Kur’anda dünya hayatından, ahiret hayatından ve kabirlerden bahsedilmekte ancak kabir hayatında azap ya da mükafat şeklinde ayrı bir hayattan söz edilmemektedir.

Aksine öldükten sonra insanlara ecirlerinin yani hak ettikleri karşılıkların verileceği yer olarak kıyamet gününün ifade edilmesi, kıyametten önce herhangi bir karşılığın verilmesinin söz konusu olmadığını;

Ali İmran-185: “Her canlı ölümü tadacaktır. Hak ettiğiniz karşılıklar size kıyamet günü, eksiksiz bir biçimde verilecektir…” açıklar.

Ayette açık bir biçimde insanların hesaplarının hesap günü yani din günü görüleceği ve bundan sonra hak edenlere hak ettikleri karşılıkların eksiksiz bir biçimde tanımlanacağı ifade edilmektedir.

Enbiya-47: “Biz, kıyamet günü için adalet terazileri kuracağız. Artık hiç kimseye, hiçbir şekilde haksızlık edilmez. Bir hardal tanesi kadar dahi olsa, onu (adalet terazisine) getiririz. Hesap görenler olarak biz yeteriz.”

Yukardaki ayette sorgunun kıyamet günü yapılacağı açıklanmışken; kabirde azabı iddia edenler henüz sorgu yapılmadan azabtan bahsetmekteler. Bu iddia, Allah’ın ayetlerine açıkça muhalif olmaktır.

Öte taraftan rivayetlerde iddia edildiği gibi kabirde azap ya da mükafat söz konusu olsa, ölen ilk insan ile kıyamete kadar ölen kişiler arasında kabirde azap veya mükafat görme anlamında çok uzun dönemleri kapsayan bir adaletsizlik olacaktır. Hatta bu iddiaya göre kıyametin hemen öncesinde ölen kişilerin kabirlerinde azap da mükafat da görmeyeceklerdir.  Peki adil olan Allah için böyle bir durum da söz konusu edilebilir mi?

Yine ayette inananların Allah’tan iyilik, güzellik ve bağışlanma dileklerinin bu dünya ve ahirete yönelik olduğu görülmekte ve cehennem azabından korunma dilenirken, kabirden hiç söz edilmemektedir.

Bakara-201: “Onlardan bir kısmı “Rabbimiz! Bize dünyada da iyilik ver; ahirette de iyilik ver! Bizi cehennem azabından koru!” diye dua eder.”

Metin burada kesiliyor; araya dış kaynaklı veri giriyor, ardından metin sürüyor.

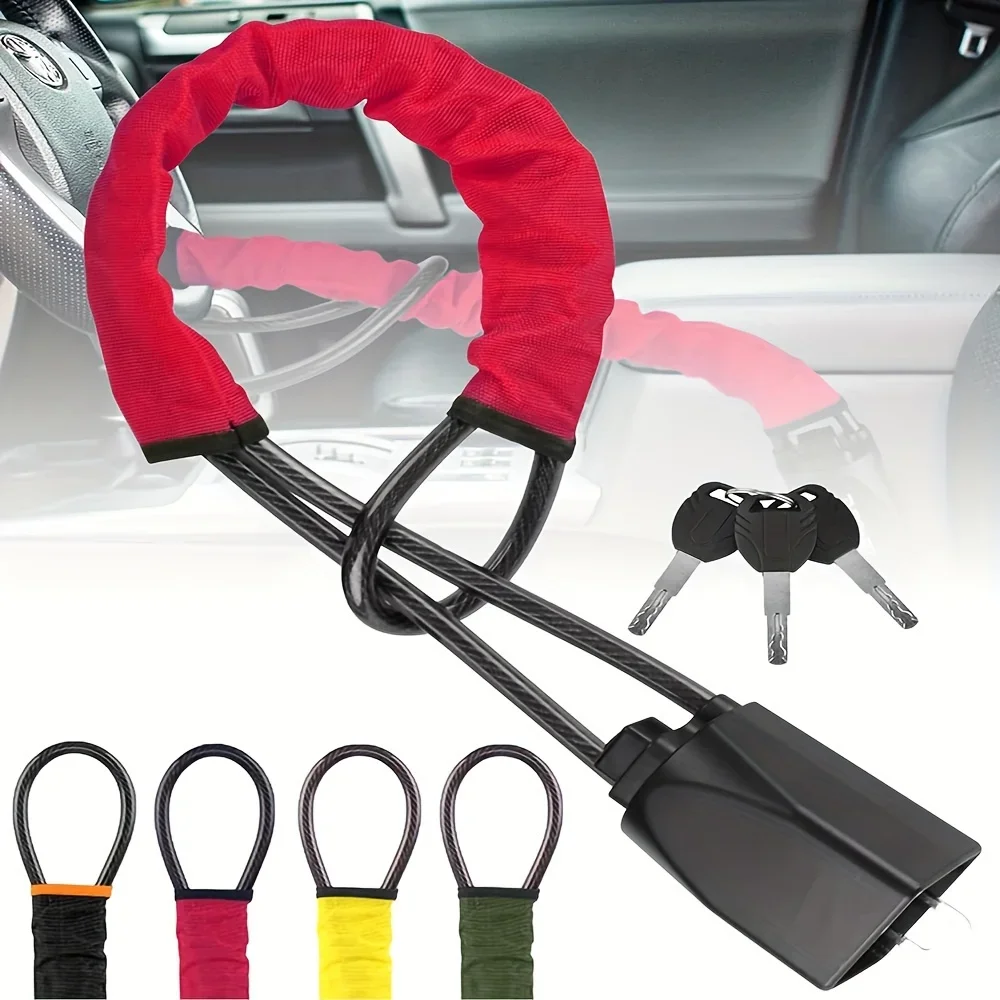 RF Mando Car Steering Wheel Lock Anti-theft Steel Cable Security Devi - Image 7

Ayette, hesaplarının görülmeye başlanacağı yer de kabir değil ahiretteki din günüdür.

İbrahim-41: “Rabbimiz! Hesabın görüleceği gün beni, anamı babamı ve inananları bağışla!”

Yine aşağıdaki ayette, bu dünya hayatının süsüne aldanarak peşinden koşanların hak ettiğinin kabirde azap olduğu değil, cehennem olduğu ifade edilmektedir. Dolayısıyla dünya hayatındaki yaşantının sorumluluğunun üstlenileceği yer kabir değil ahirettir.

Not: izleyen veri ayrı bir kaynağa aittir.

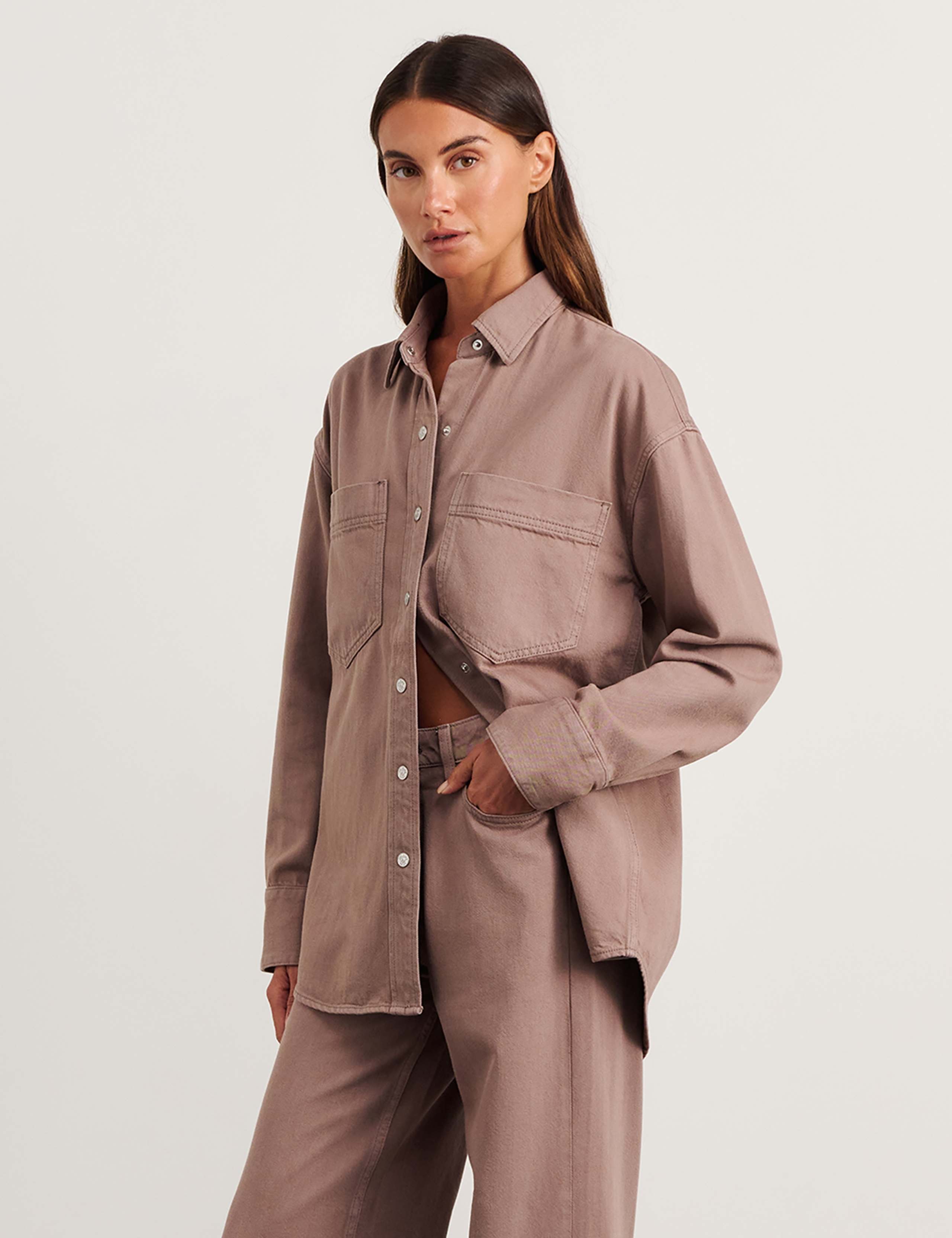 Denim Relaxed Shacket 5 of 8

İsra-18: “Kim aceleciyi (geçici olanı) isterse, dilediğimiz kimseye dilediğimiz şeyi çabuklaştırırız. Sonra onun için Cehennemi mekan yaparız. Kınanmış ve kovulmuş olarak oraya girer.”

Ayetler açık bir biçimde ölen kişilerin kabirlerinde diriltilmesinden değil, beklenen o saat yani kıyamet geldiğinde kabirlerden diriltilmesine dikkat çekmektedir. Ayetten de görüldüğü gibi Allah diriltmeden önce kabirlerdekiler ölüdürler.

Hac-7:“O Saat mutlaka gelendir. bunda hiçbir şüphe yoktur. Şüphesiz ki Allah, kabirlerdekileri diriltecektir”.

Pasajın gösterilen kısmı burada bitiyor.